Restate, word for word, the run of lines that starts at the line containing "テニス設備用品 ボールカート GA70" and ends with the final line of the listing. Leave pictures out.
(Information supplied begins)
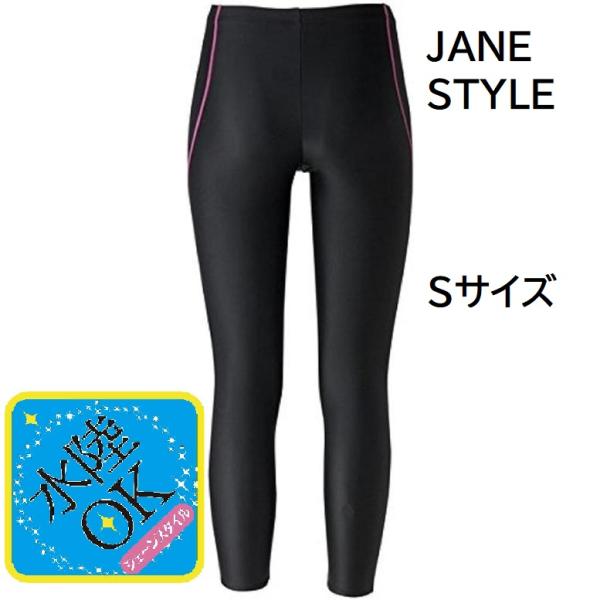 Janestyle ロングタイツ スポーツ レディース レギンス 10分丈 水陸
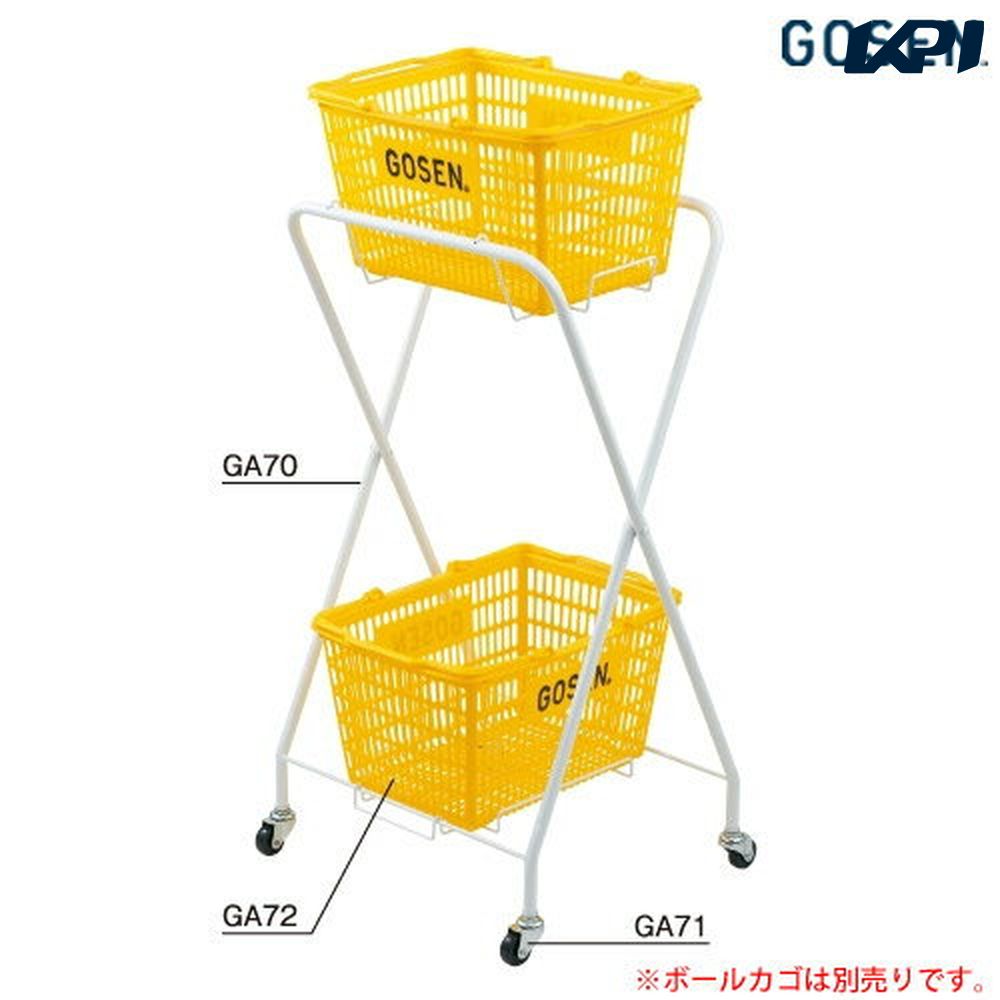 『即日出荷』ゴーセン GOSEN テニス設備用品 ボールカート GA70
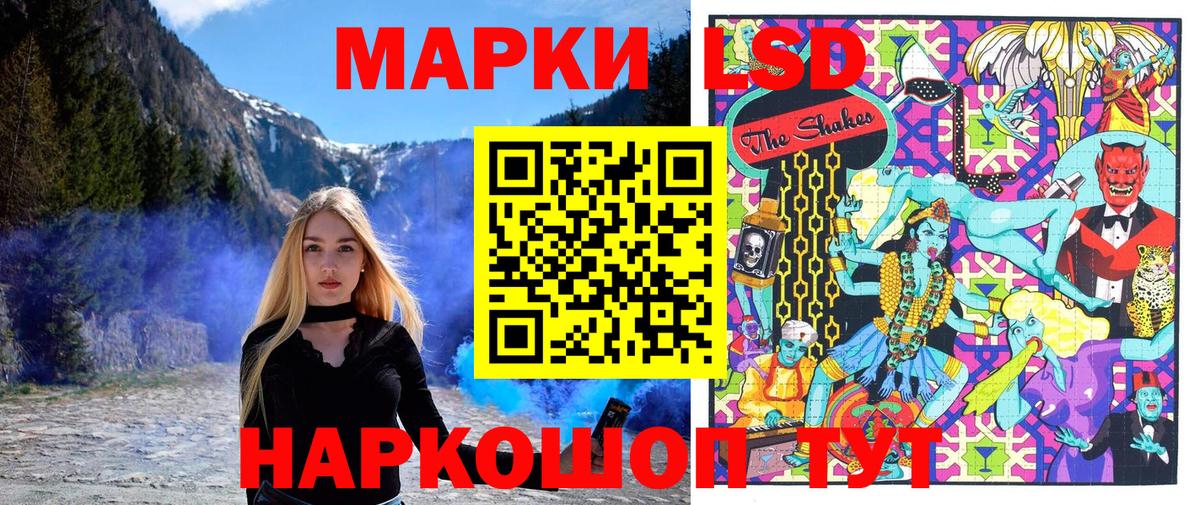Меф мяу мяу Новотроицк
(Information supplied ends)
= Answer to this task =
 『即日出荷』ゴーセン GOSEN テニス設備用品 ボールカート GA70
Меф мяу мяу Новотроицк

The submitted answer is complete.